Dzieci przyniosły granat na podwórko. Ewakuowano mieszkańców

14 godzin temu
Zdjęcie: fot. policja


Dwóch chłopców podczas spaceru w pobliżu swego domu niedaleko Węgorzewa (warmińsko-mazurskie) znalazło granat moździerzowy z czasów II wojny światowej. Przynieśli niewybuch na podwórko. Policja poinformowana o znalezisku zarządziła ewakuację mieszkańców - podała policja.


St. post. Magdalena Hrynkiewicz z Komendy Powiatowej Policji w Węgorzewie poinformowała PAP w poniedziałek, iż do tej sytuacji doszło w niedzielę.

Dwóch chłopców w wieku 9 i 12 lat spacerowało w pobliżu miejsca swego zamieszkania na terenie gminy Węgorzewo. W przydrożnym rowie melioracyjnym niedaleko domu chłopcy znaleźli niewybuch. Nieświadomi zagrożenia przynieśli znalezisko na podwórko.
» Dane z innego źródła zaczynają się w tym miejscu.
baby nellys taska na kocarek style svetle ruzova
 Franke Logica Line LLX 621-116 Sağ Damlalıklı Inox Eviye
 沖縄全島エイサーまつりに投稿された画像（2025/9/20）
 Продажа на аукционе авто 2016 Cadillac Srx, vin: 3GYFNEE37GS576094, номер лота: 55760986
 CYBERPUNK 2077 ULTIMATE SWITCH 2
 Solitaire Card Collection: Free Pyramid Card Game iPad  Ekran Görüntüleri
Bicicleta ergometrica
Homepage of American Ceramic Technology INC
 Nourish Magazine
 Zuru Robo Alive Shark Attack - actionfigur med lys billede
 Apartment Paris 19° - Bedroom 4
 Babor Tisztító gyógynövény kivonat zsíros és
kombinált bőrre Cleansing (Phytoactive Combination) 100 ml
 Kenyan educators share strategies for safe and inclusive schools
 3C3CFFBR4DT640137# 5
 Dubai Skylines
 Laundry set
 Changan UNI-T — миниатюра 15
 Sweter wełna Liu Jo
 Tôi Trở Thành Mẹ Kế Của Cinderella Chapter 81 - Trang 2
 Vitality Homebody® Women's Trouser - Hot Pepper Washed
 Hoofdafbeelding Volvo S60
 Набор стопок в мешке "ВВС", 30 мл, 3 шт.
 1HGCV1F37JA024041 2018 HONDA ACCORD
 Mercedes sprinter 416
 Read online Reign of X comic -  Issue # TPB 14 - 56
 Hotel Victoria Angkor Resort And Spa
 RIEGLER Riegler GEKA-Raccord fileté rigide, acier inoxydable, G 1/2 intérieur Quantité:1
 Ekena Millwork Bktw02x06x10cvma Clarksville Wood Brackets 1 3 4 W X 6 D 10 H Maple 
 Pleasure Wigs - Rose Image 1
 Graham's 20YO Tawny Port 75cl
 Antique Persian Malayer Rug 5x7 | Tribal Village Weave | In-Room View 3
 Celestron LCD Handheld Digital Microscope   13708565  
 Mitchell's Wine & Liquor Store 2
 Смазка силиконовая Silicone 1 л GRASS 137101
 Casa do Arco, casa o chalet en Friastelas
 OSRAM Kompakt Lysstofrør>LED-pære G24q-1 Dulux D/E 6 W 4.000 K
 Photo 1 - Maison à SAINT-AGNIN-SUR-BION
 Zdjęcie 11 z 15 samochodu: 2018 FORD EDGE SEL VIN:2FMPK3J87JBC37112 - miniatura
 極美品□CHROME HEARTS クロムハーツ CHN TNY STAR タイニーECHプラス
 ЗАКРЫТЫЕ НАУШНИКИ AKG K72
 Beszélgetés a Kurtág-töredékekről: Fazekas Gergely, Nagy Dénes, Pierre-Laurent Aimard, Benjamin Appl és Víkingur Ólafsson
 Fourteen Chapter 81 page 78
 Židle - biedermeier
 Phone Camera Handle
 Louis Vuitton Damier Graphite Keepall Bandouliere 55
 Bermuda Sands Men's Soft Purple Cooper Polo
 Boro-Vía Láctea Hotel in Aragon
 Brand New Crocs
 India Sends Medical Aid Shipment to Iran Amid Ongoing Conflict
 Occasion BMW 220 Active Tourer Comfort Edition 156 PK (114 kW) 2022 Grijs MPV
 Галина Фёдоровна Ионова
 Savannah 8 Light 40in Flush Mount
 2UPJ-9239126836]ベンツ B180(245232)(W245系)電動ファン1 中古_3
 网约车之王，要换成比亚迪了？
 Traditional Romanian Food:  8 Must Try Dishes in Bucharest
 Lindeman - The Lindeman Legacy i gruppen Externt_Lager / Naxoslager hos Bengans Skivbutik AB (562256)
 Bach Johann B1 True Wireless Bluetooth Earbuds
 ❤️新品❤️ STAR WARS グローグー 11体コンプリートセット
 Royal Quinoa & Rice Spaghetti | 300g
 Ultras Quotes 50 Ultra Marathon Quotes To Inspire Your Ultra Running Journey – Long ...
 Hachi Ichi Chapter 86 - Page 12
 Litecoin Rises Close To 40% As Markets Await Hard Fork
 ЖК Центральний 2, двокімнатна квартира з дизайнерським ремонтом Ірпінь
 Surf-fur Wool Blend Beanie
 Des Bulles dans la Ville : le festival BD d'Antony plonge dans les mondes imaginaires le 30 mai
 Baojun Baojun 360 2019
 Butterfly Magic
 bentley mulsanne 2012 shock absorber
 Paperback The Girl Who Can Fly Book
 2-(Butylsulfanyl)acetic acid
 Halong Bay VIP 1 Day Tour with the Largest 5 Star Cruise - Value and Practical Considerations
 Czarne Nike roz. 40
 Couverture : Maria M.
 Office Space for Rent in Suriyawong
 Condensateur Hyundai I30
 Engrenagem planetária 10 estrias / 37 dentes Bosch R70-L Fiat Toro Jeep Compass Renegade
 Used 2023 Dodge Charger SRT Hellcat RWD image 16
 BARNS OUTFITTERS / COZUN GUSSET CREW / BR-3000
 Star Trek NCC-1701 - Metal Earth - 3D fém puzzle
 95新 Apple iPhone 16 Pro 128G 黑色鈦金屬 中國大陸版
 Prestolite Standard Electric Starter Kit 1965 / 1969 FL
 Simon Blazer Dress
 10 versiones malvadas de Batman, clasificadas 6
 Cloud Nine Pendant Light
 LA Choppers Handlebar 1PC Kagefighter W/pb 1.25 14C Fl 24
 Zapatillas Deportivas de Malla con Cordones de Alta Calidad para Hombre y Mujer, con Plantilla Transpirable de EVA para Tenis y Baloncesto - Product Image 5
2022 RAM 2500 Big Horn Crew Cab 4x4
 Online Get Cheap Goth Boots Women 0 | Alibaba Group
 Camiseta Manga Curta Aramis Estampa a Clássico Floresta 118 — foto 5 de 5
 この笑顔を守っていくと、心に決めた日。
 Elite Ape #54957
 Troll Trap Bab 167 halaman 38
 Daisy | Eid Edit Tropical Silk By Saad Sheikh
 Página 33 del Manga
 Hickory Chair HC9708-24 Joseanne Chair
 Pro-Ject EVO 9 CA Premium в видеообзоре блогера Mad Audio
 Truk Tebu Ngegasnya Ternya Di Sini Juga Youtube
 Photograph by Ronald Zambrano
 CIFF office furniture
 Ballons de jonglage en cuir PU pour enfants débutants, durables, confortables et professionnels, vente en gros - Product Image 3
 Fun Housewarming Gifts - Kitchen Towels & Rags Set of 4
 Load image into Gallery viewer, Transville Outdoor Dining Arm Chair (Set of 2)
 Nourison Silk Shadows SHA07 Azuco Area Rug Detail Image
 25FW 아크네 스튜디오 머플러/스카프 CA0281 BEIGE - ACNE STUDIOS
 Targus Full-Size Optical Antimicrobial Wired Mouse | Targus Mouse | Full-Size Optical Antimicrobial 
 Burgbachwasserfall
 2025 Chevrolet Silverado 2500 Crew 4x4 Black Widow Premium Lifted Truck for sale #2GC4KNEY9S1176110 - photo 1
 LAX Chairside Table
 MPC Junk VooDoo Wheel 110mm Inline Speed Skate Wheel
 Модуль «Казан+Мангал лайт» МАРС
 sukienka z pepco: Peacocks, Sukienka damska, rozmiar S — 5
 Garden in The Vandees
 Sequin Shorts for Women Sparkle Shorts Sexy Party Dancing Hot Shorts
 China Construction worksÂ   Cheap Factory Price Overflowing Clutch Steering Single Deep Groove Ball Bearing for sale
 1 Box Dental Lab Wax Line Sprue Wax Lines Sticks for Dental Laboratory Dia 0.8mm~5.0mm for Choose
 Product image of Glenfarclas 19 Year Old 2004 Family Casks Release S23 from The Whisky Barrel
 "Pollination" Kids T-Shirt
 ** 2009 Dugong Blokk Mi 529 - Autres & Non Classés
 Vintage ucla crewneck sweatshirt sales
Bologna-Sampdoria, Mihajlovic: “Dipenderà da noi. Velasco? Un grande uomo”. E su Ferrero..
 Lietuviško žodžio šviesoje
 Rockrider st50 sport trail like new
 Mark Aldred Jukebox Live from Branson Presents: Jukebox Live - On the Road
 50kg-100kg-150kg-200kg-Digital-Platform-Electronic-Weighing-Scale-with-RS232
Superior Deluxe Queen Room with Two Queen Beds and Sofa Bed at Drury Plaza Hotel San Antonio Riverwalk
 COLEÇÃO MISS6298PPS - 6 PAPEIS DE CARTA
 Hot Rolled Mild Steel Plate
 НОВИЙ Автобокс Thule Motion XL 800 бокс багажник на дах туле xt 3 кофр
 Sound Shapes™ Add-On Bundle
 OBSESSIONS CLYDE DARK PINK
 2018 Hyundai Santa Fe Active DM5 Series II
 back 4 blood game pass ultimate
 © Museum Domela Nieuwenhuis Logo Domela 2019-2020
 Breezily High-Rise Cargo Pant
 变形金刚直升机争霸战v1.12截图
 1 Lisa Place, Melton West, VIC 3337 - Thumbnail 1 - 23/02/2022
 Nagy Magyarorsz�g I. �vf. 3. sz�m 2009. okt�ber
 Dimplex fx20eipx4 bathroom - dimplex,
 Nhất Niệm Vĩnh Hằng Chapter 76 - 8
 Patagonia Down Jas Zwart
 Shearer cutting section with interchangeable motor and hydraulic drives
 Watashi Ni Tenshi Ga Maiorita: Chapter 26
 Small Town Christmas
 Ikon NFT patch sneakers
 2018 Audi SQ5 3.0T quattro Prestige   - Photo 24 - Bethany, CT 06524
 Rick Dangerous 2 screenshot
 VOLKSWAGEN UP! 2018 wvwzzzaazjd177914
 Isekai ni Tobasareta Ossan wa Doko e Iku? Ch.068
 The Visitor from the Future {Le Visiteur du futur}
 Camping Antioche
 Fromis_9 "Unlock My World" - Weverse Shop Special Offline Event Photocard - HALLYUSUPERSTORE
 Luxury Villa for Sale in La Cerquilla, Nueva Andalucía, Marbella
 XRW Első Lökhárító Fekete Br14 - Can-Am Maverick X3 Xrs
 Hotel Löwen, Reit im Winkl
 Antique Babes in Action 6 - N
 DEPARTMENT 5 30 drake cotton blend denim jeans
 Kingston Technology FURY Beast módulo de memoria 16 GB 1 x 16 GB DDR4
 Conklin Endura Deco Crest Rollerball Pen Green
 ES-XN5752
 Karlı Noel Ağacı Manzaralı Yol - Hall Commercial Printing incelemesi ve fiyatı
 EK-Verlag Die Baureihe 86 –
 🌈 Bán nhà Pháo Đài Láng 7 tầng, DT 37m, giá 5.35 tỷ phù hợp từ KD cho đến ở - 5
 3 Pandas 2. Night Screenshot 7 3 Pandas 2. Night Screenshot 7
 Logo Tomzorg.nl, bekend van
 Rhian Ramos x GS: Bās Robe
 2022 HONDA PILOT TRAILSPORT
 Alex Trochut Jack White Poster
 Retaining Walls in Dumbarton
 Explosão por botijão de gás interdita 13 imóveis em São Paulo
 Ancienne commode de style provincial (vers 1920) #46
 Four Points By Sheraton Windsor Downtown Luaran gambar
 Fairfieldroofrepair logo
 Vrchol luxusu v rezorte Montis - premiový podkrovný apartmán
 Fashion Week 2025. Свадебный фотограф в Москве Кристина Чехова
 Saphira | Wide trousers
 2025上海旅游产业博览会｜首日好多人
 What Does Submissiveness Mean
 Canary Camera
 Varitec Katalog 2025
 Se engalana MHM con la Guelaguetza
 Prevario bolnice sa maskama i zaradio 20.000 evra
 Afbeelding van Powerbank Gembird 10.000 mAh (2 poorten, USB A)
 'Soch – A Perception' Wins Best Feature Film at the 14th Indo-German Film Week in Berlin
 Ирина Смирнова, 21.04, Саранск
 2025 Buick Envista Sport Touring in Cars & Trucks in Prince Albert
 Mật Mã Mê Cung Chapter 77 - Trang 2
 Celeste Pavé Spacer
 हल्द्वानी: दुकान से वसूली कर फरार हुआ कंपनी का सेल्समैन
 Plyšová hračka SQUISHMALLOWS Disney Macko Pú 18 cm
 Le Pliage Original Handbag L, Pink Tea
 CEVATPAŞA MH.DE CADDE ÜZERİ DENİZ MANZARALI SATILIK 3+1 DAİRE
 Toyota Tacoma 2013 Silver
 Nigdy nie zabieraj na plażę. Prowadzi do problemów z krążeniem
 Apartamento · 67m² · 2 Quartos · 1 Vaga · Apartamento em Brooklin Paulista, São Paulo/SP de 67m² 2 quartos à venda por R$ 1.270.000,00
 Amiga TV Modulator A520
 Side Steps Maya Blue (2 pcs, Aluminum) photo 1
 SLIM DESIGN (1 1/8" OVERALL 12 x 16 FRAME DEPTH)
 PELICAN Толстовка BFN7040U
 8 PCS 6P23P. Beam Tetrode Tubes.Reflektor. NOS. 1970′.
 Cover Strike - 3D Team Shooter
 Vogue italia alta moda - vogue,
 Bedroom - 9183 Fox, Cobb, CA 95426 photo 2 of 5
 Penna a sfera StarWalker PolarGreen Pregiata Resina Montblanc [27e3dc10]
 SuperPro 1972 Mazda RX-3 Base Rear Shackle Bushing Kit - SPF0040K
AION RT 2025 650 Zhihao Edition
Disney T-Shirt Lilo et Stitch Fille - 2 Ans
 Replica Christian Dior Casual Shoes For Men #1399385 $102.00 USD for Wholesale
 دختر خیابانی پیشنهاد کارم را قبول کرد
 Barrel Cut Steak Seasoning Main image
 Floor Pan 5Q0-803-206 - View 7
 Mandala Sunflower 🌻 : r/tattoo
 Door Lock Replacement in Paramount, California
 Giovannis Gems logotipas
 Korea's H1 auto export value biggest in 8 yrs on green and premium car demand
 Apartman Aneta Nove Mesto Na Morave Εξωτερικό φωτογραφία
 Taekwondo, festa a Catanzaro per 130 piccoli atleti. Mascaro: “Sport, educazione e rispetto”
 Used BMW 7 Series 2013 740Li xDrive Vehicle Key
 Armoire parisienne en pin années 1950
Gdy jeden z dorosłych zobaczył granat natychmiast zawiadomił oficera dyżurnego w Komendzie Powiatowej Policji w Węgorzewie. Funkcjonariusz wysłał na miejsce policjanta z grupy minersko-pirotechnicznej. Policjant ustalił, iż jest to 40-centymatrowy granat moździerzowy z zapalnikiem. Granat pochodził z okresu II wojny światowej.

Ewakuacja mieszkańców

Policja ewakuowała mieszkańców domu; wśród nich dwoje dorosłych i 5 dzieci. Policjanci zabezpieczyli miejsce znalezienia granatu do czasu przyjazdu saperów z jednostki wojskowej w Giżycku.

Policjantka podkreśliła, iż na szczęście w tym przypadku nikomu nic złego się nie stało. "Przypominamy, iż w przypadku znalezienia przedmiotu przypominającego granat lub inny niewybuch, takiego znaleziska nie wolno przenosić, dotykać ani rozbrajać. Jakiekolwiek manipulowanie przy niewybuchu grozi jego detonacją. Wówczas może dojść do uszkodzenia ciała, a choćby śmierci osoby przebywającej w jego pobliżu" - ostrzegła policja.